Stil? Sicher!

Werbung für Verben

Substantive halten sich für die Hauptdarsteller unter den Wörtern. Belassen wir sie ruhig in dieser Annahme. Wer genauer hinschaut, bemerkt: Der Chef im Satz ist ganz klar das Verb. Es transportiert die Aussage, bestimmt die Zeitform und gibt Auskunft über die Person sowie den Numerus (Singular oder Plural). Das Verb weist die Kommas auf ihren Platz und degradiert die Substantive zu nützlichen Sklaven. Da können sie an ihren Ketten rasseln, wie sie wollen.

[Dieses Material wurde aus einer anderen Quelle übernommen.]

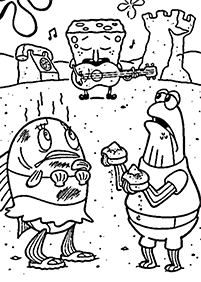 דף צביעה בוב ספוג - 48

Indem wir Verben verwenden, bringen wir Leben in unsere Sprache. Sie sorgen für Bewegung. Nicht umsonst wurden sie uns in der Schule als „Tuwörter“ vorgestellt. Wo immer wir die Wahl haben, sollten wir uns für ein Verb entscheiden. Zu welcher Kraft sich die Sprache damit steigern lässt, beweisen solche herrlichen Exemplare wie knistern, plätschern, tuscheln, hauchen oder gluckern. Manche Verben scheinen ganz allein bereits die ganze Geschichte erzählen zu können: nehmen wir erdolchen, beschimpfen oder erschauern. Wer bewirtet, verarztet oder bemuttert wird, bekommt die Information über den handelnden Akteur quasi schon mitgeliefert. Manchmal dienen sogar lebende Personen als Verbvorlage. So geschehen in Schweden, wo das "Zlatanieren" (abgeleitet vom Fußballstar Zlatan Ibrahimovic) jüngst Einzug in die Wörterbücher hielt. Das Verb für den stürmenden Heißsporn, der beim PSG in Paris kickt, steht für alle, die gern ihre Klappe aufreißen, ohne deshalb Angst vor den Konsequenzen zu haben. Beste Chancen in Deutschland den Sprung vom Fußballplatz in den Duden zu schaffen, hat vermutlich „müllern“. Bayern-Profi Thomas Müller hat es in den letzten Jahren zur Kunstform erhoben. Dass jedoch die Verbwerdung eines Realnamens nicht generell eine Auszeichnung darstellt, beweisen die deutschen Politiker. Während sich „riestern“ ziemlich neutral verhält, sprechen „hartzen“ und „merkeln“ schon eine andere Sprache. Da war doch „verkohlen“ noch von ganz anderer Qualität. Ausgesprochen positiv dürften dagegen Unternehmen reagieren, deren Markennamen die Steilvorlage für Verben lieferten, wie zum Beispiel kärchern, tuppern, googeln oder pampern.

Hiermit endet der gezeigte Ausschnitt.